In [11]:
import numpy as np
import re
import tensorflow as tf
from tensorflow.keras.models import Model
from tensorflow.keras.layers import Input, LSTM, Dense, Embedding
from tensorflow.keras.preprocessing.text import Tokenizer
from tensorflow.keras.utils import pad_sequences
import gensim.downloader as api

# 1. Cargar el Dataset ConvAI2
import os
import requests

dataset_url = "https://raw.githubusercontent.com/huggingface/datasets/master/datasets/conv_ai/convai2/train.txt"
dataset_path = "convai2_train.txt"

if not os.path.exists(dataset_path):
    print("Descargando el dataset...")
    response = requests.get(dataset_url)
    with open(dataset_path, 'wb') as f:
        f.write(response.content)
    print("Dataset descargado.")

# Leer y procesar las conversaciones
def load_and_process_data(filepath, max_pairs=10000):
    input_sentences = []
    output_sentences = []
    with open(filepath, "r", encoding="utf-8") as file:
        for line in file:
            parts = line.strip().split("\t")
            if len(parts) >= 2:  # Solo tomamos líneas con al menos 2 partes
                question = clean_text(parts[0])
                answer = clean_text(parts[1])
                if question and answer:  # Evitar textos vacíos
                    input_sentences.append(question)
                    output_sentences.append(f"<sos> {answer} <eos>")
            if len(input_sentences) >= max_pairs:
                break
    return input_sentences, output_sentences


def clean_text(text):
    text = text.lower()
    text = re.sub(r"[^a-zA-Z0-9\s]", "", text)
    return text.strip()

input_sentences, output_sentences = load_and_process_data(dataset_path, max_pairs=10000)
print("Número de pares de conversación:", len(input_sentences))

# 2. Tokenización
MAX_VOCAB_SIZE = 8000
MAX_LEN = 10

tokenizer = Tokenizer(num_words=MAX_VOCAB_SIZE, filters="")
tokenizer.fit_on_texts(input_sentences + output_sentences)
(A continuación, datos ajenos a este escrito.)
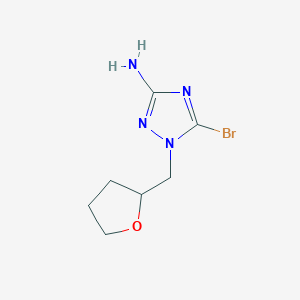 molecular formula C7H11BrN4O B15239783 5-Bromo-1-[(oxolan-2-yl)methyl]-1H-1,2,4-triazol-3-amine 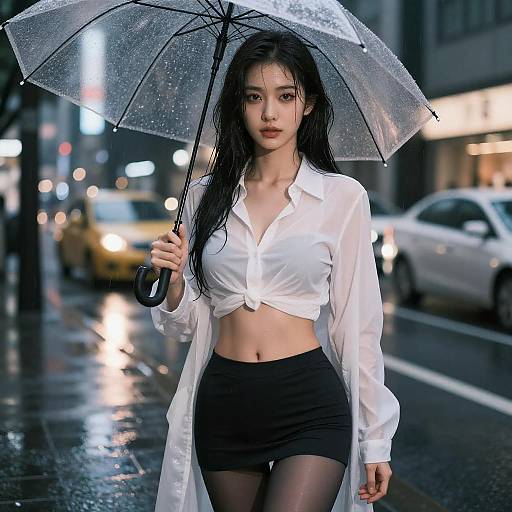 Young Woman with Umbrella in Rainy Tokyo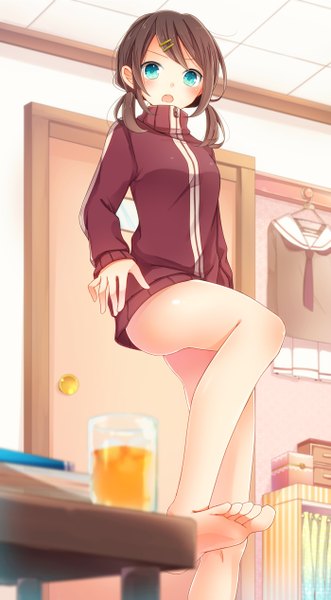 Anime picture 700x1268 with original goma (11zihisin) single tall image looking at viewer blush short hair open mouth blue eyes brown hair twintails barefoot bare legs low twintails short twintails girl sweater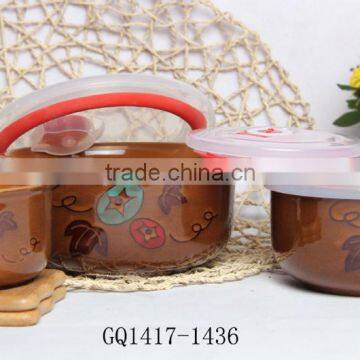 2015 Red Ceramic Tableware Bowl With Big White Dots photo-2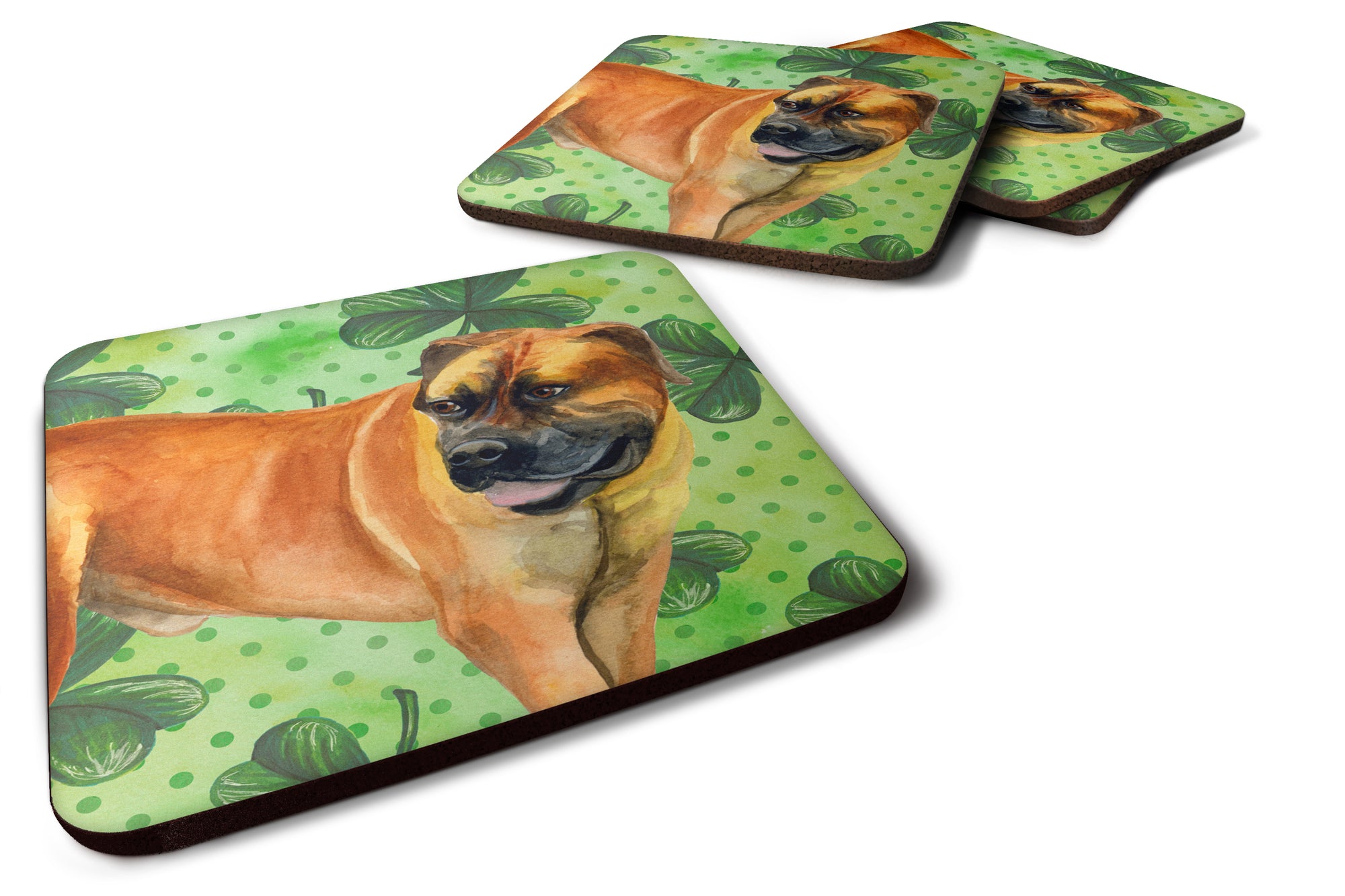 Boerboel Mastiff St Patrick's Foam Coaster Set of 4 BB9820FC - the-store.com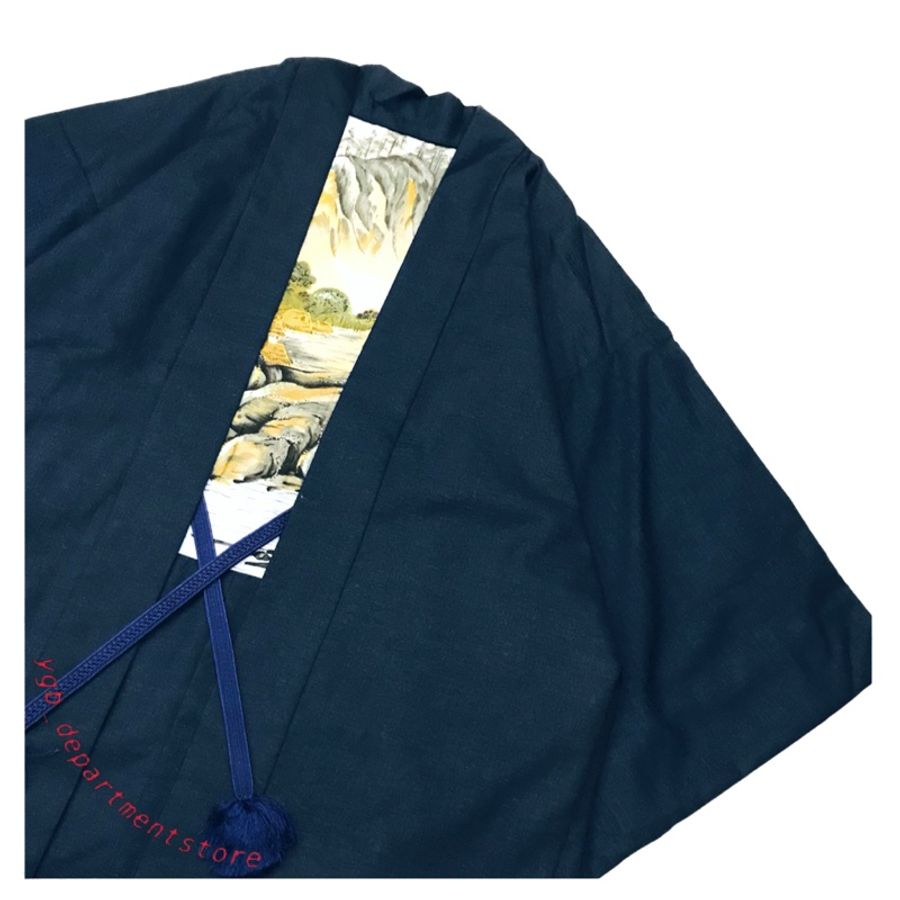 🌞vintage🌞日本進口深藍和柄山水畫古着羽織和服罩衫(๑•ૅㅁ•๑)日系復古辣妹個性文青90s00s-1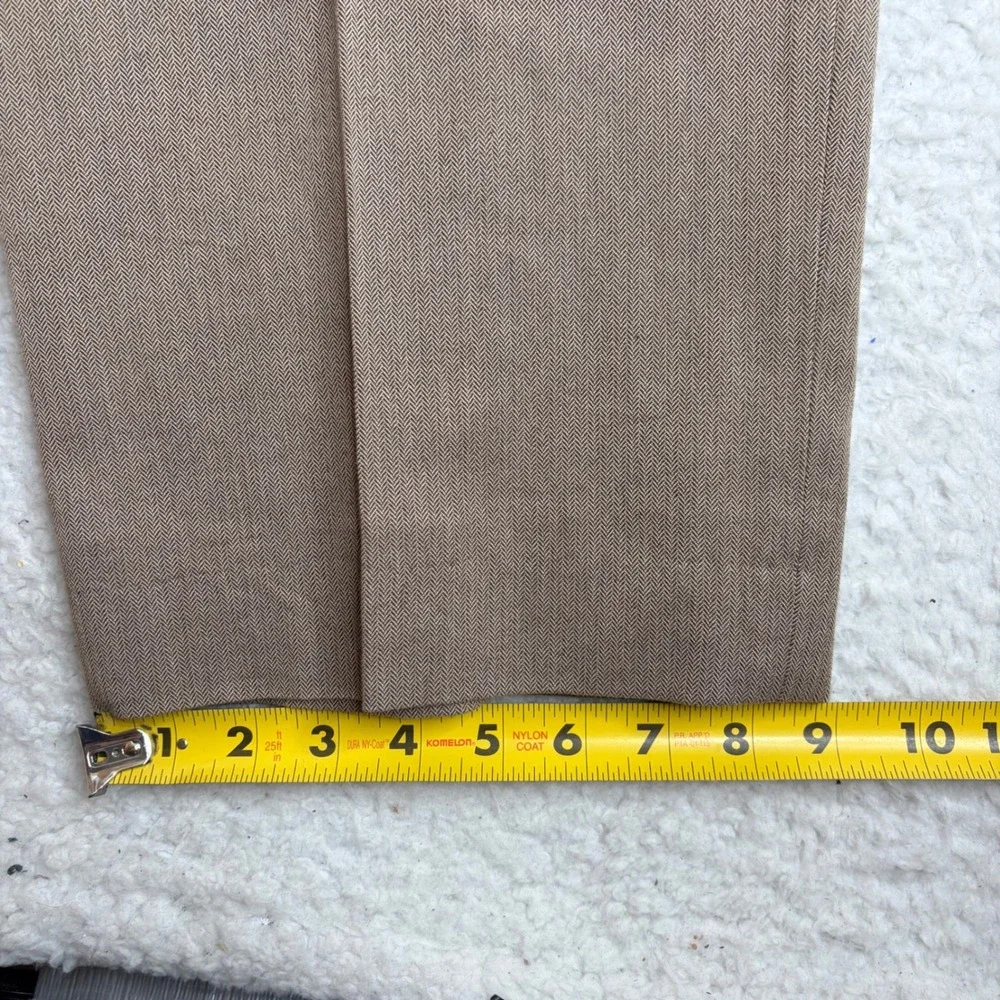 J.Crew Mens 35x32( 35x28) Pleated Herringbone Cotton dress Pants Tan hong kong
vocab_size = len(tokenizer.word_index) + 1
print("Tamaño del vocabulario:", vocab_size)

encoder_input_seq = pad_sequences(tokenizer.texts_to_sequences(input_sentences), maxlen=MAX_LEN, padding='pre')
decoder_input_seq = pad_sequences(tokenizer.texts_to_sequences(output_sentences), maxlen=MAX_LEN, padding='post')

# Targets (decodificador sin token <sos>)
decoder_target_seq = np.zeros_like(decoder_input_seq)
decoder_target_seq[:, :-1] = decoder_input_seq[:, 1:]

# 3. Preparar Embeddings FastText
embedding_dim = 300
embedding_matrix = np.zeros((vocab_size, embedding_dim))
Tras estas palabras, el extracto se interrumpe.